[[ Data supplied open ]]
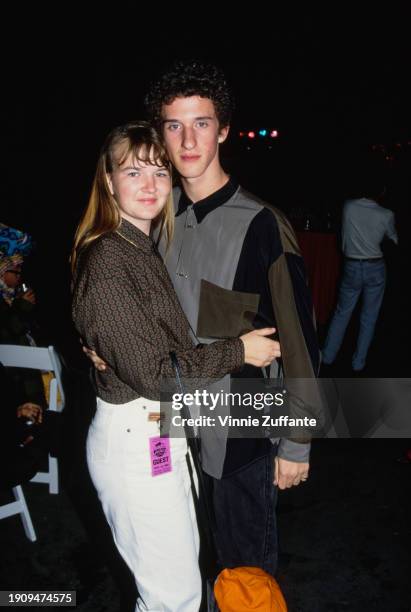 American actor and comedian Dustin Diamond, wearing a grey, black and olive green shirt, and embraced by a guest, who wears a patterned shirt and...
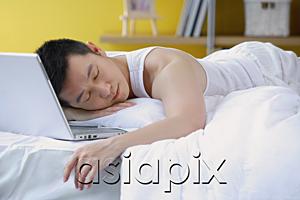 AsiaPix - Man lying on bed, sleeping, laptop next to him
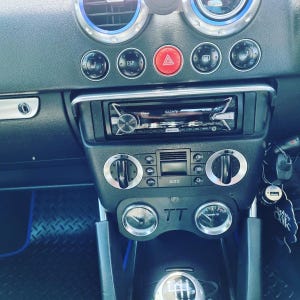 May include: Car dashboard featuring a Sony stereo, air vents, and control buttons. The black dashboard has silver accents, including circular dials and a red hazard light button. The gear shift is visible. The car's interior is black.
[[ Data supplied closed ]]
[[ Data supplied open ]]
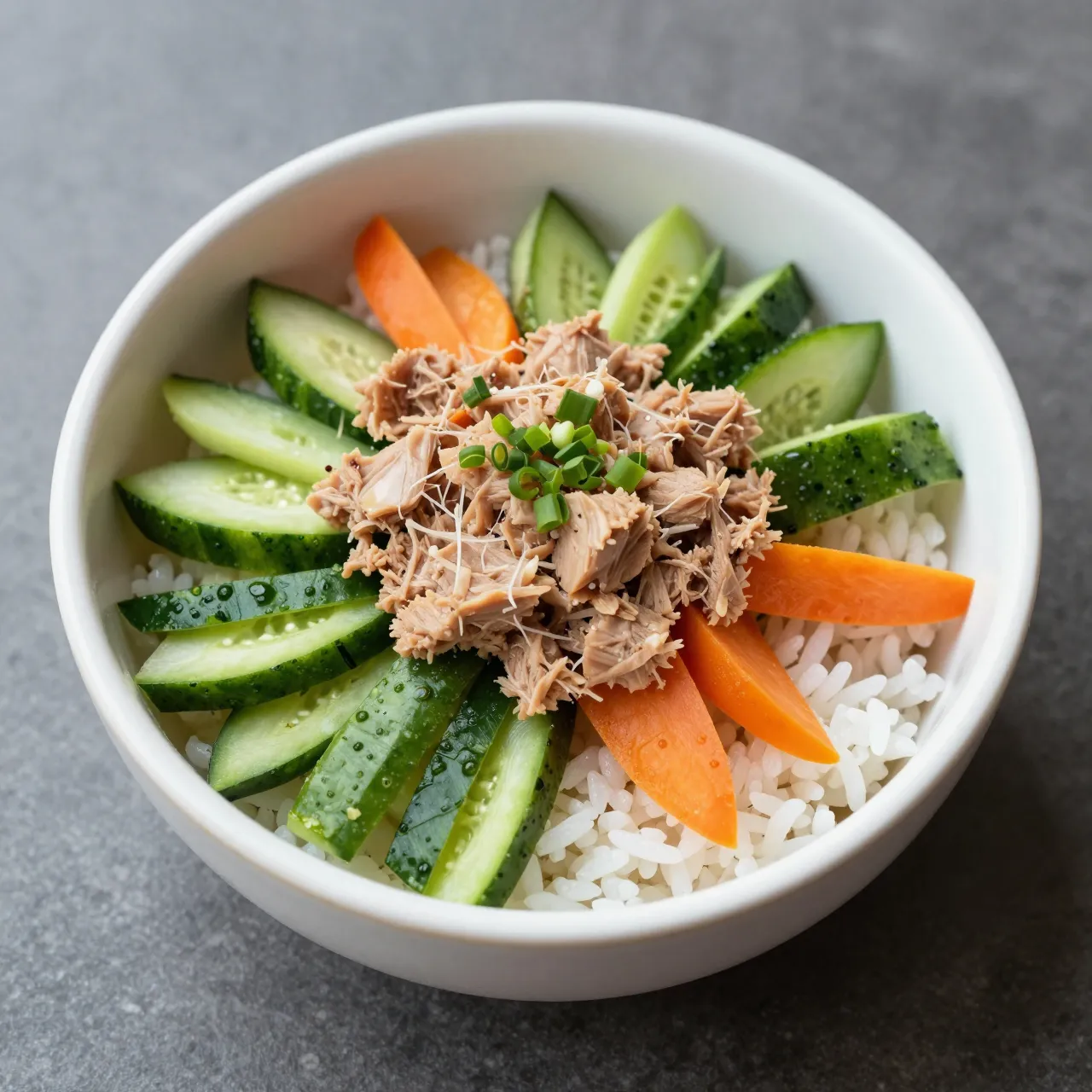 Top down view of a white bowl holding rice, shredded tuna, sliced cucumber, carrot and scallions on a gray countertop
[[ Data supplied closed ]]
_What this task involves_
All lines above from the one containing "American actor and" up to and including the one containing "AsiaPix - Man" are to be set down exactly, and nothing else. Leave images out.

_Answer space_
 American actor and comedian Dustin Diamond, wearing a grey, black and olive green shirt, and embraced by a guest, who wears a patterned shirt and...
 AsiaPix - Man lying on bed, sleeping, laptop next to him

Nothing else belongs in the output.